# VIP922 explain SLING to me



## 63thk (Feb 11, 2010)

OK I'm thinking of getting a 922,but really don't understand SLING I know it allows you to watch you DVR on a PC, but to be honest I'm not one of those people cares to watch videos on my PC. What I want is the ability to watch my 922 content on any TV in the house. What would I need along with the VIP 922 to allow me to do this? Also is the new VIP922 remote a universal?


----------



## Rob Glasser (Feb 22, 2005)

The Sling technology in the ViP922 basically provides the same functionality that a standalone Slingbox can provide to any other STB/DVR/DVD/etc ... today. 

The primary functionality of the sling technology is to allow you to watch your receiver from your PC/Mac/Supported Mobile Phone, over the Internet, anywhere in the world.

There are ways to do this to other TV's in your house.
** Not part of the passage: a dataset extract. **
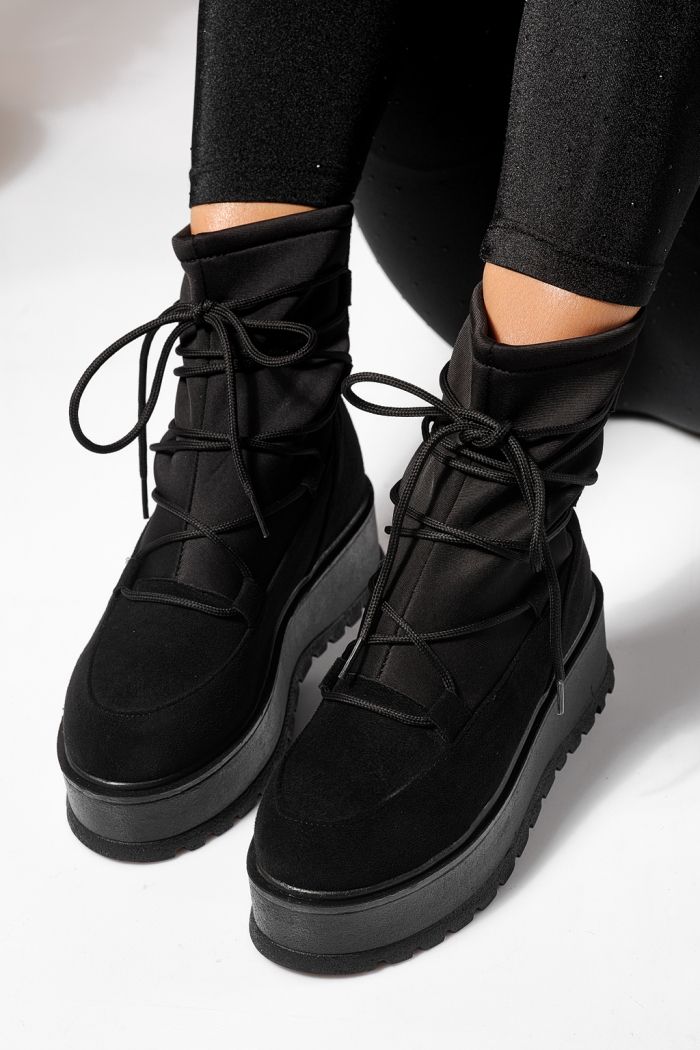 Ghete dama captusite negre din piele ecologica intoarsa Yvette #23162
The methods available today are 1) Hook up a PC/Mac to that other TV and watch, or 2) Buy a SlingCatcher, which is a STB from SlingMedia (owned by Echostar) that allows you to watch your Slingbox Streams, display video content from your PC to your TV over your LAN, and watch digital video directly from USB attached hard drives and thumb drives.

In the future there will be a new TV Sling Receiver called the Sling Receiver 300 which will allow you to pick up your Slingbox streams on another TV. Basically it's the SlingPlayer portion of the SlingCatcher but with HD support.


----------